I asked him about my daughter: It is very clear to me that she is in pain and struggling, but our primary-care doctor dismissed her symptoms and said there is “no such thing as chronic Lyme.” She offered no treatment for the ongoing joint pain and fatigue my daughter experiences. We continue to sort through ideas and strategies, even as a new semester of college has begun.
“In predisposed individuals, there is antigenic debris [bacterial and cellular residue from an infection] that doesn’t clear the body, and this may be the root of problems in people who have post-treatment syndrome. We are looking at drug combinations to eradicate persistence in animals, but nothing yet in humans,” Auwaerter said.
And if antibiotics don’t work, I asked, what does? I want help for my daughter; I want her on her feet and better. The uncertainty in not being able to do this is frustrating, and I can imagine the challenges patients face as they journey from doctor to doctor, looking for a cure.
“We just don’t know what would help, so we take information from other conditions that overlap or have similarities,” he said.
For many patients, Auwaerter says, the best treatment for symptoms that mimic chronic fatigue or fibromyalgia includes low-impact exercise, diet changes and cognitive behavioral therapy — but no antibiotics.
It’s important for people to press on, even if a doctor dismisses them.
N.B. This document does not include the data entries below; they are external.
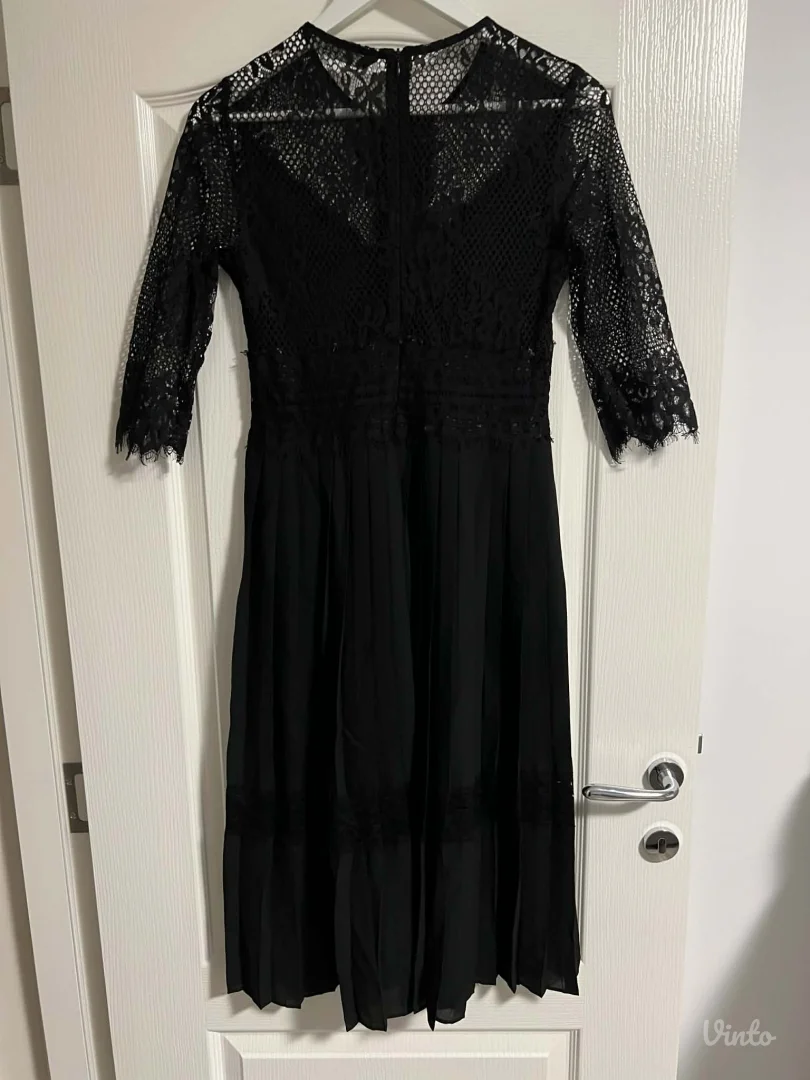 Zara midi crna haljina sa cipkom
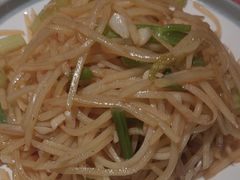 -老郑家东北春饼(龙悦居店)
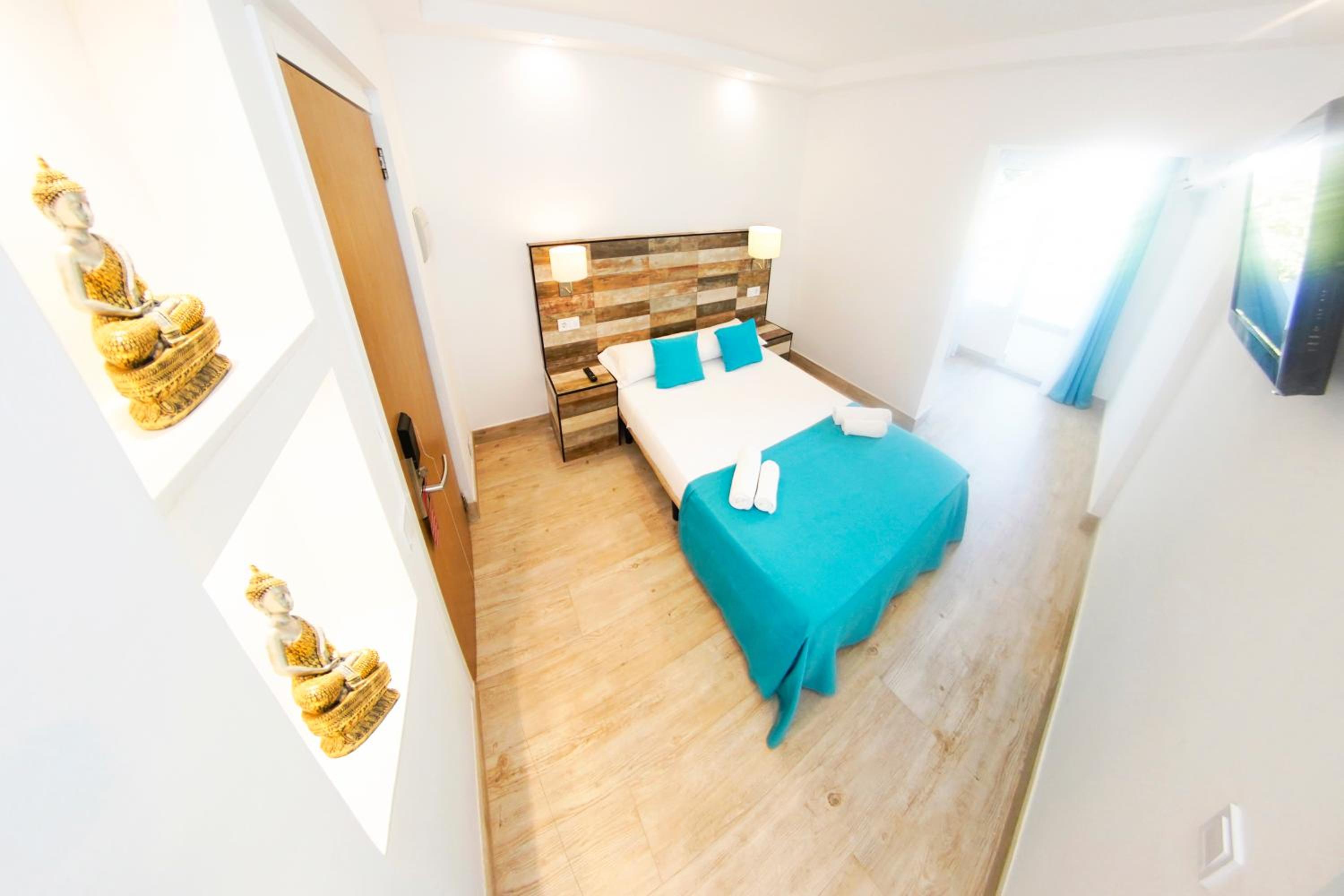 Double Room with Terrace with Free Airport Shuttle - Photo 11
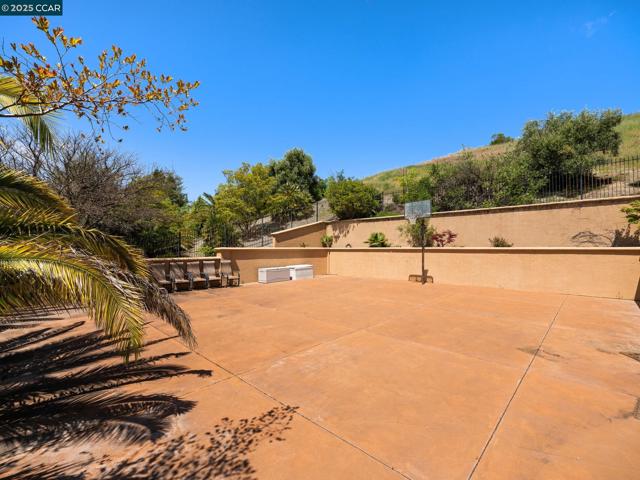 4640 Kingswood Dr, Danville CA: https://media.crmls.org/mediaz/2b462a7a-f4db-477b-b90a-3bf859adb219.jpg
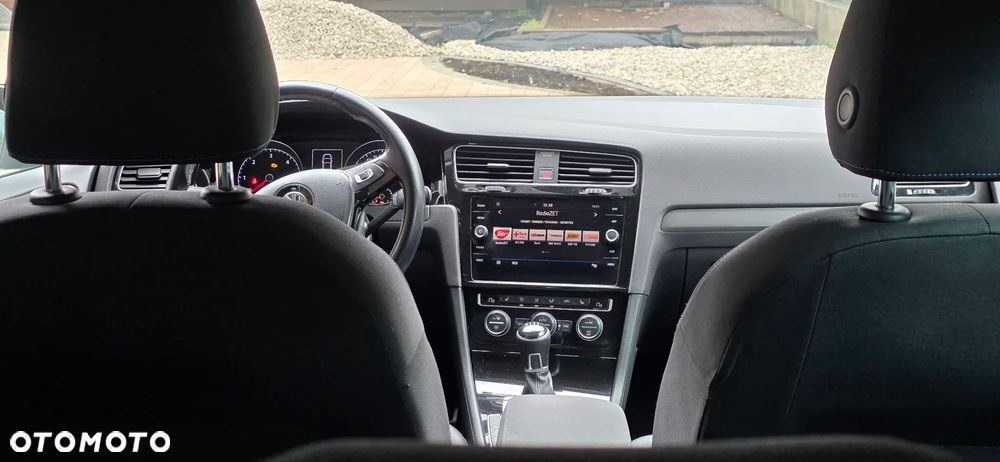 Volkswagen Golf 1.6 TDI BMT Highline - 24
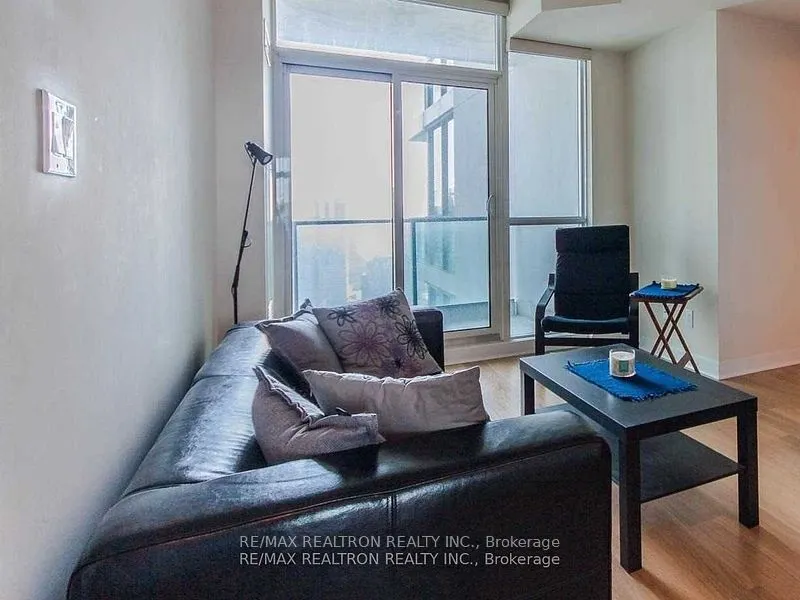 33 Bay Street, #2205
When I told Spector what my doctor had said, he exclaimed, “If you see a doctor who tells you something never happens, you need a new doctor. No one is that omnipotent; no one has the knowledge of human biology and pathology to make a statement like that. Saying that is the antithesis of what medicine is about.”
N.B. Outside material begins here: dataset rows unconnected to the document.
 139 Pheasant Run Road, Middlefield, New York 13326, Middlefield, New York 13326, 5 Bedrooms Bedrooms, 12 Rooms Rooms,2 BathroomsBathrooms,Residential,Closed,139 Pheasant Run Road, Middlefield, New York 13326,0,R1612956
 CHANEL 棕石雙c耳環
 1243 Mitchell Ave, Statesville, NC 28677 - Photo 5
“The issue is emotionally charged on both ends — from established, ivory-tower academics who believe there is overtreatment in the Lyme community to the charlatans preying on patients,” he said. “The community says that the academics don’t see their real-world experience. Neither side sees the shades of gray in medicine, where nothing is black and white.”
Wormser suggests that Lyme advocates should push for more federal funds to research the symptoms patients describe.
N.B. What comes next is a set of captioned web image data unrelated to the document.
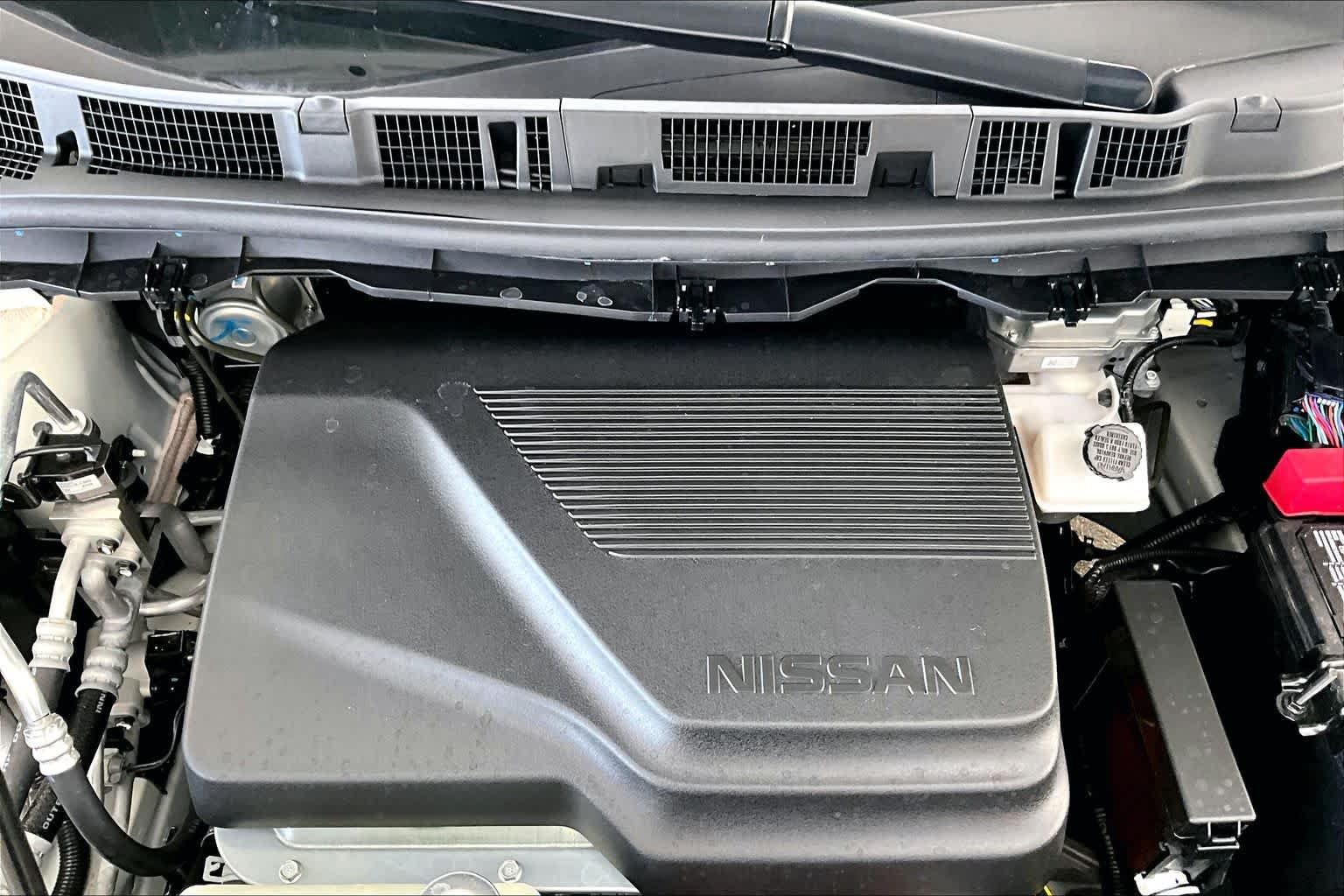 Certified Used 2025 Pearl White Tricoat Nissan SV PLUS image 31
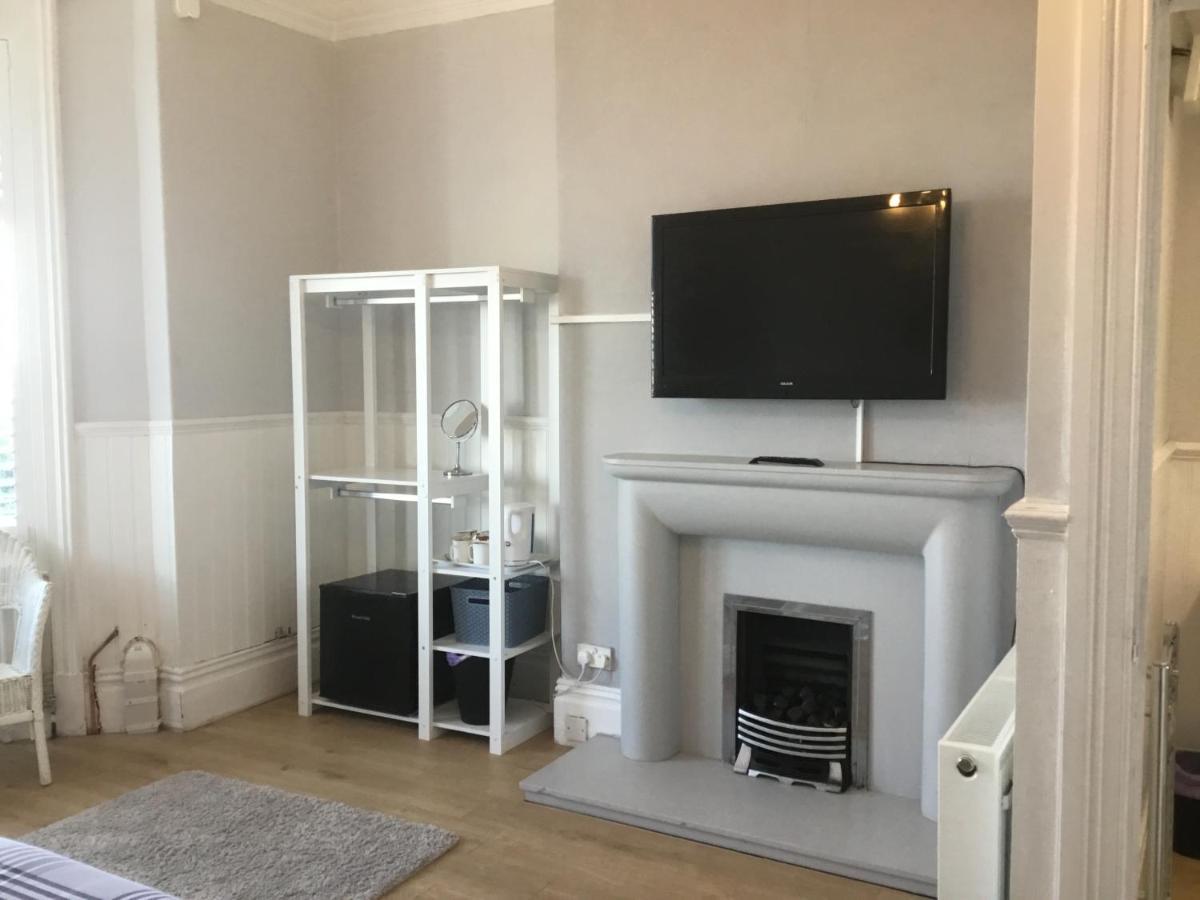 Cara Guesthouse Whitley Bay Dış mekan fotoğraf
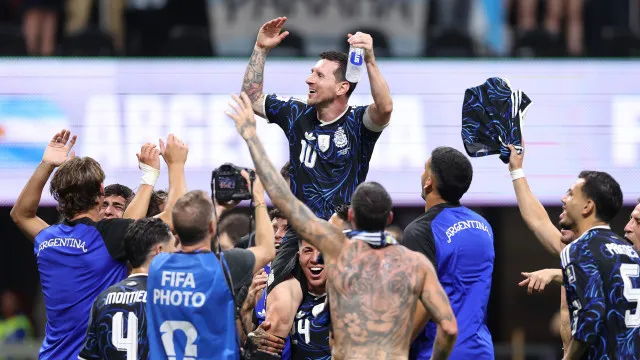 Messi contra-ataca: "Somos os melhores do mundo, doa a quem doer"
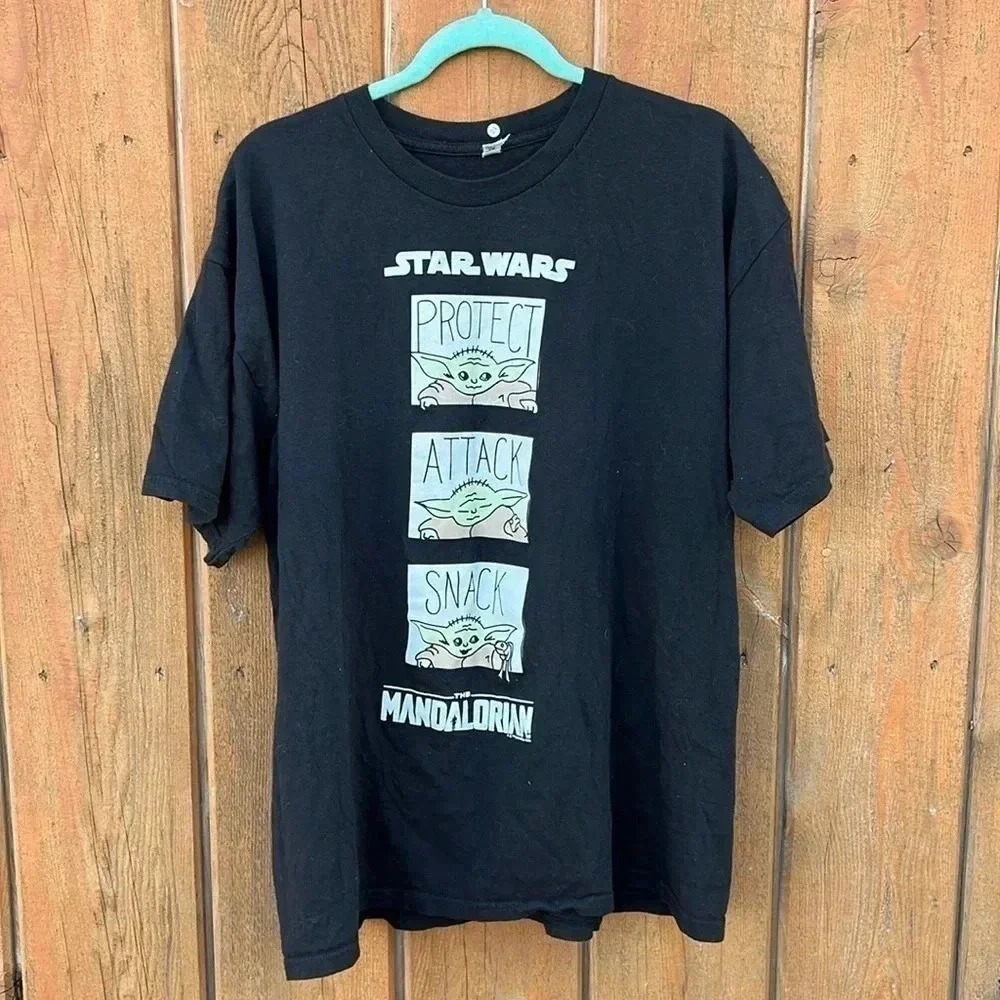 Star Wars The Mandalorian Grogu Protect Attack Snack Men's T-Shirt retro streetw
In the meantime, Spector said, “we have people like your daughter, like me, people who feel lousy from all sorts of things, who don’t fit into algorithms that have a bar code associated with it. They fall between the cracks. People like us defy medicine as an exact science.”
For now, the best strategy is prevention. If you are in the woods or tall This version has been corrected.grass, wear long pants and sleeves. Check for ticks. Wear light clothes so that ticks are easier to spot, and use insect repellent. If you find a tick on your body, use tweezers to pull it slowly out, and save it in a jar. Watch for symptoms of Lyme and, if they occur, take the tick and see a doctor. Early treatment is very effective — and long delays may cost you for years.
Correction: A previous version of this article misspelled the first name of Gary Wormser, an infectious disease expert in New York, and the last name of Paul G. Auwaerter, clinical director for infectious disease at Johns Hopkins University. This version has been corrected.
Lynch Schuster is a freelance writer who lives in Maryland.